Standard Format: Use where a traveler crosses into a travel restricted area from an open area. This does not include

Wilderness areas: This sign is intended to alert the traveler that off-road travel is prohibited and there may be some additional restrictions on certain routes. The Trail sign and Road Use sign will be used to designate routes.

Symbols: Only the modes of travel that are restricted should be shown on this sign.

Allowable Alterations: The word "Designated" may be changed to "Established" while area management prescriptions are being changed from open to off-road travel to restricted to roads and trails. When the roads and trails that will be retained as the managed transportation system have been identified the word "Established" should be changed back to "Designated." This is intended to be an interim policy to allow for the orderly transition between "open to off-road" to "restricted to routes" policy.

Lettering: Minimum size of lettering will be one inch. Minimum lettering size for "TRAVEL RESTRICTED AREA" wording will be one half inch larger than all other lettering.

Standard Format: The "OPEN AREA" sign is used for specific areas with identifiable boundaries in which travel is allowed both on and off roads. An area identification is optional. If the area name is desired, it is to be placed at the top of the sign. The message "THIS AREA OPEN TO ALL TRAVEL ON AND OFF ROADS AND TRAILS USING" is to be placed below the name of the area and above the recreation symbols. Agency logos and/or names are to be placed below the recreation symbols. Sign should include agency identification so the public knows where questions and comments can be directed. In most cases this sign would be installed at all access points into a specified open area.

Road use signs

Standard Format: These signs are travel management signs and are not intended to replace road name or road number signs. Where there are travel restrictions, the road name and number may be included on these signs.
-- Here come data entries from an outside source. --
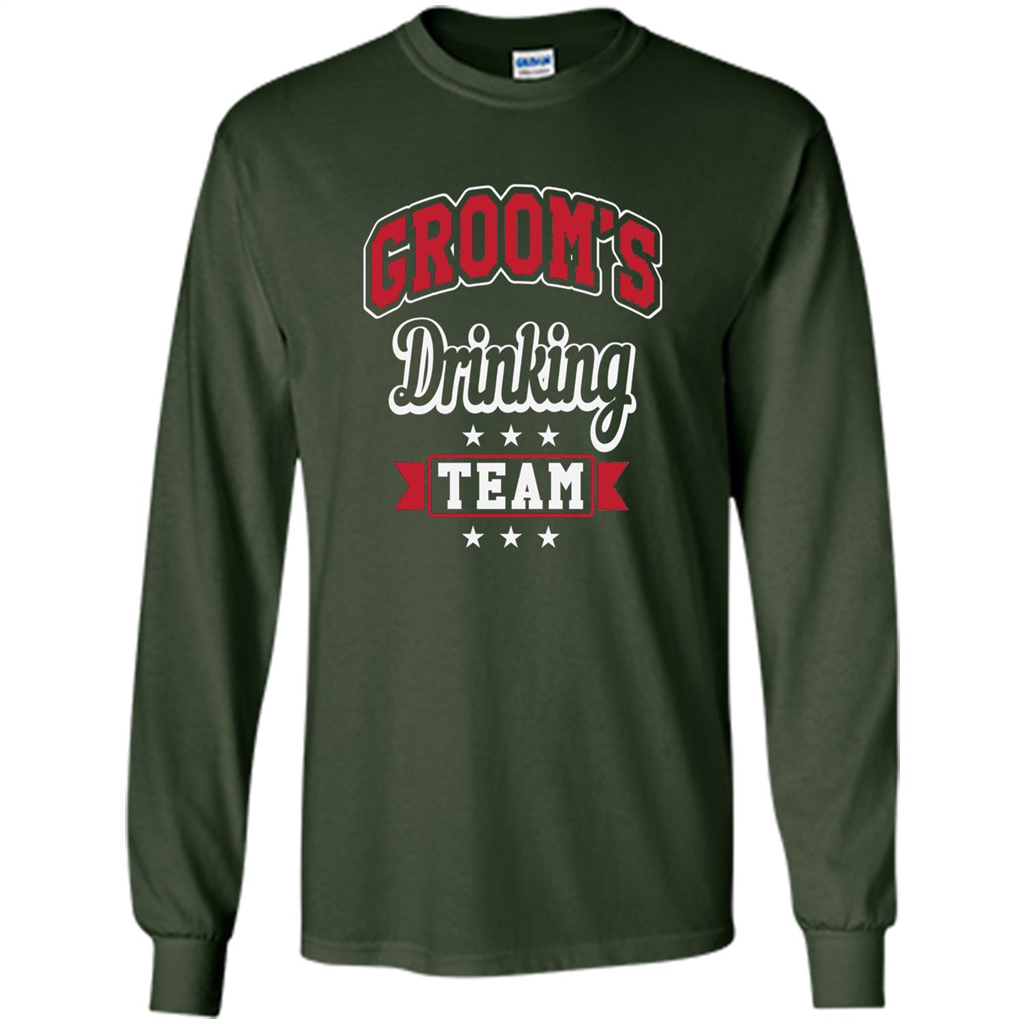 Funny Groom's Drinking Team T-shirt Bachelor Party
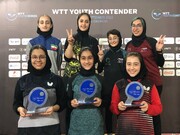 سه بانوی تنیس روی میز ایران در گرجستان برنز گرفتند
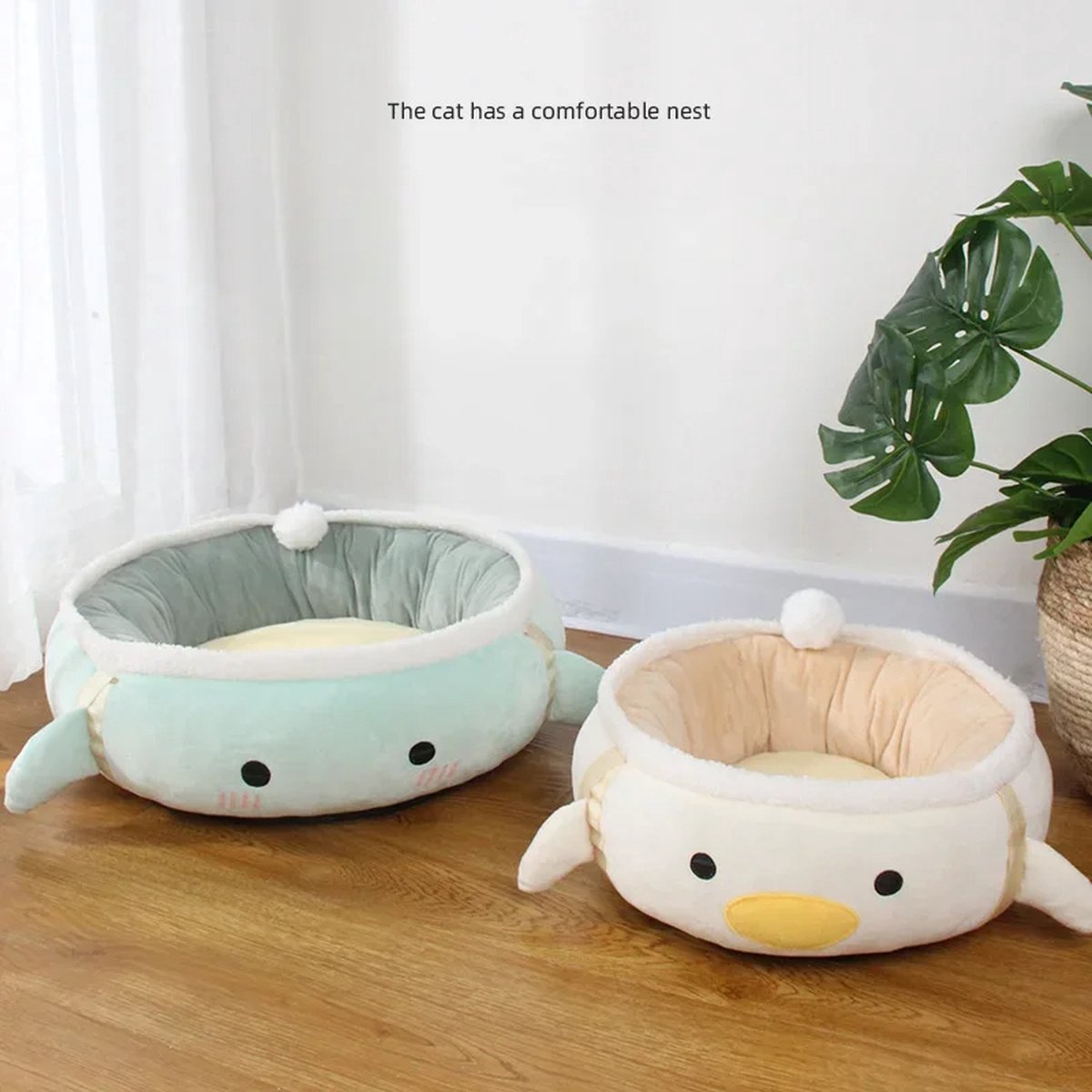 Hangende Kattenhangmat - Warm Pluche PP Katoen Bed voor Katten en Honden, Multifunctioneel, M-40x40cm - Kattenbed, Huisdierenhangmat, Warm Kattenhuis
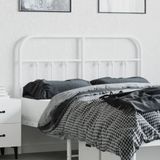 vidaXL Kopfteil Metall Weiß 120 cm
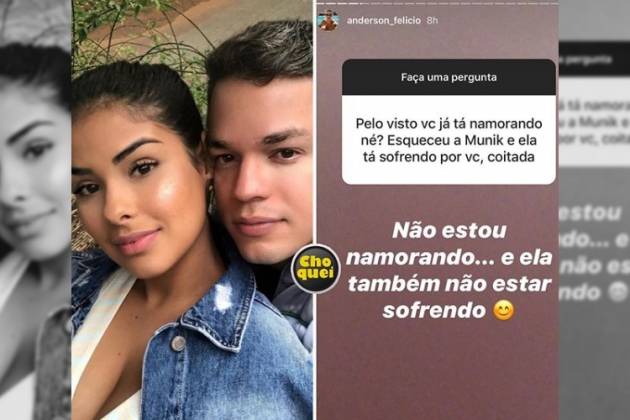 A ex-BBB Munik Nunes e o empresário Anderson Felício estão separados desde agosto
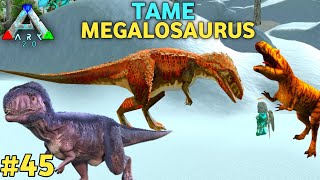 TAME SLEEPING DINO MEGALOSAURUS 🦖  ARK MOBILE BRUTAL GAMEPLAY 45 [upl. by Dalt]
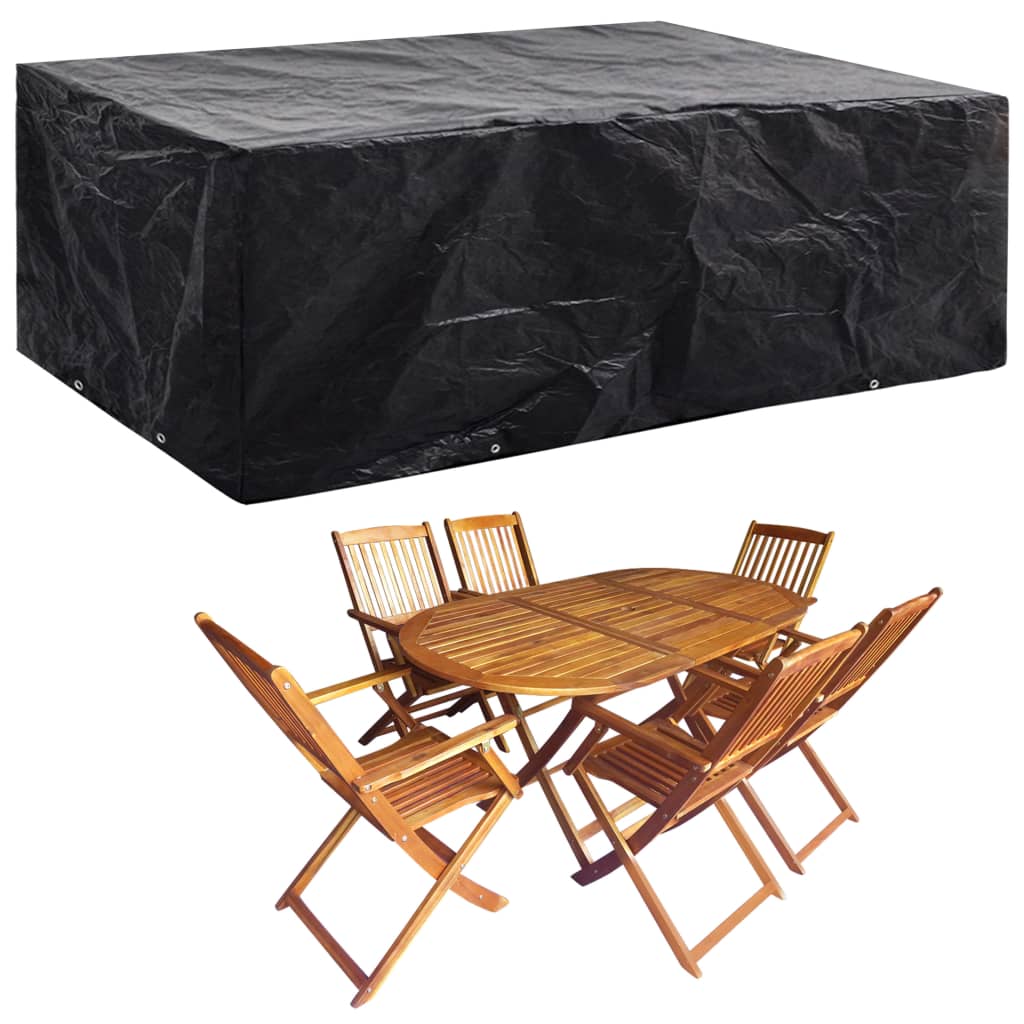 Durable Green Garden Furniture Covers Set, 2pcs, 242x162x100 cm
Road Use signs are used to inform the traveler of the modes of travel allowed on the route. The sign may contain several messages.

Options: There are 3 options for this sign. They are:

1. OPEN TO: is intended to show, using symbols, the modes of travel allowed on the road. Display all the symbols under the words "Open To."

2. CLOSED TO: is intended to show, using symbols the modes of travel that are not allowed on the road. This sign will show the modes of travel that are allowed on the road under the words "Open To" and the modes of travel that are prohibited with a symbol that has a red slash across is under the words "Closed To." The reason for the closure is optional.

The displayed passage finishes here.